We’re having a heat wave! Triple digit temperatures have become the norm across our region this month, but fear not! There are still plenty of opportunities to get out and catch some fish. As you plan your upcoming trips, here are some ideas to get you started (and a few might even help you cool off!).
Eastern Idaho (Trout)
I recently had the opportunity to fish some eastern Idaho trout streams that I hadn’t visited in over a decade. To say they were good to me is an understatement! The east side of our state is absolutely loaded with quality trout waters, including awesome opportunities to catch cutthroat and brown trout, which aren’t nearly as common in southwest Idaho.

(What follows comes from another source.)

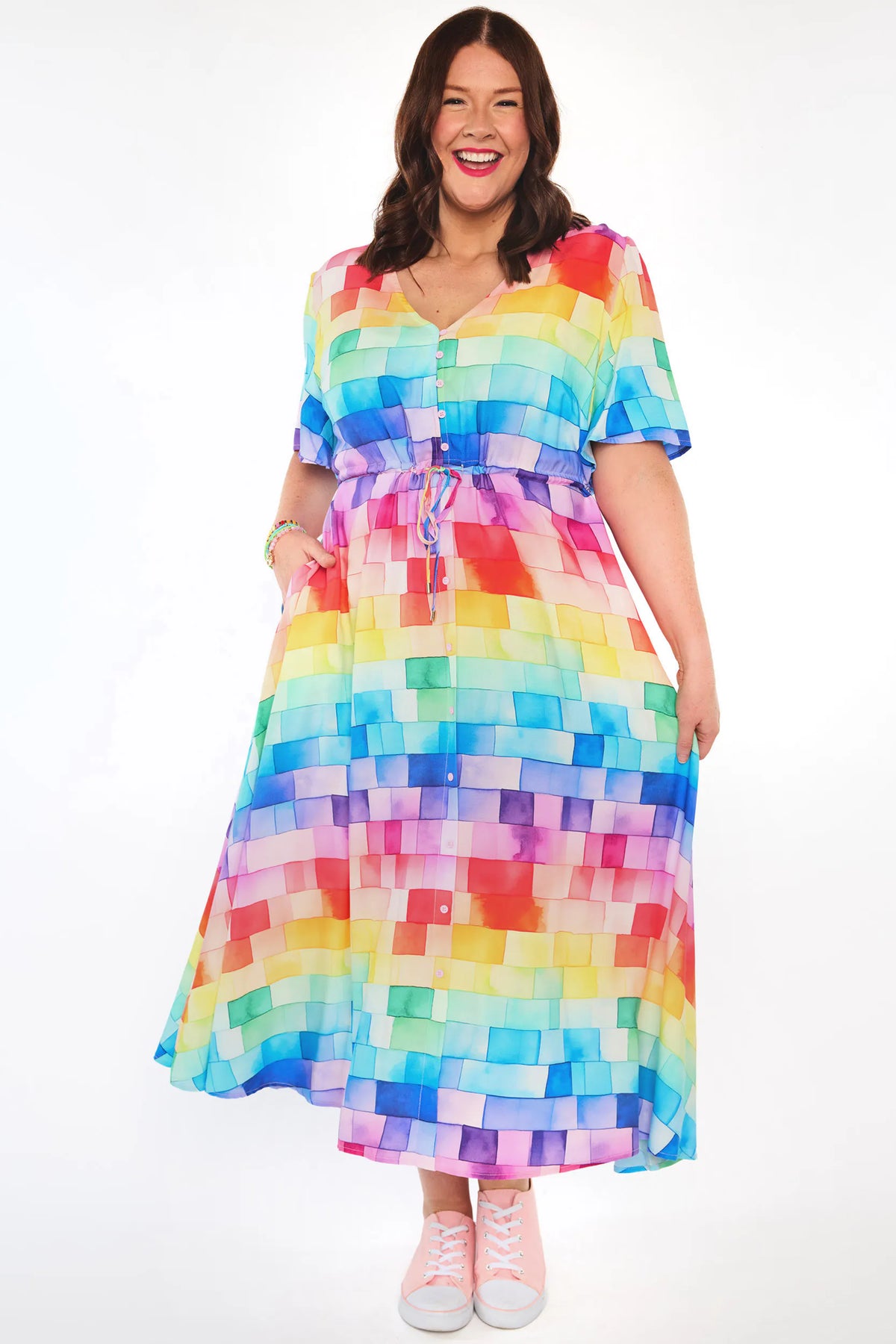 A woman modeling a short-sleeve V-neck midi dress with a colorful pixelated block pattern in shades of blue, green, yellow, orange, pink, purple, and red, paired with light pink sneakers against a white studio background.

I fished the Henrys Fork of the Snake River near Island Park, as well as one of its tributaries. Action was dynamite, as my partner and I landed over 30 nice trout, including several bruiser browns. Zipping small Rapalas through the current was our most productive strategy, and we also picked up a few fish drifting worms. If you’re a fly angler, minnow-imitating streamers would be a good bet, along with caddis and stonefly nymphs, hoppers, and any hatching dry flies. When targeting browns, keep their predatory nature in mind. Something that looks like a small fish is almost always the best lure for big browns.
Eastern Idaho is beautiful (and a bit cooler) this time of year, and there’s lots to see and do in the Island Park/Yellowstone area. I highly recommend making a weekend of it!
Owyhee Reservoir (Crappie, Bass)
Looking for an action-packed fishing trip the whole family can enjoy? Look no further than eastern Oregon’s Owyhee Reservoir. Located less than two hours from Boise, Owyhee is home to a variety of species—including an absolutely loaded crappie population.
Crappie are a schooling fish known for having boom years and prolific populations, but they are especially thick at Owyhee right now. Just about every rocky point and shoreline has a school on it, and the fish aren’t finicky. Just about any style of panfish jig will catch fish, and if you use two jigs at a time, there’s a good chance you’ll double up on crappie. Most of the fish are 8-to-10 inches, which is a good size for the frying pan.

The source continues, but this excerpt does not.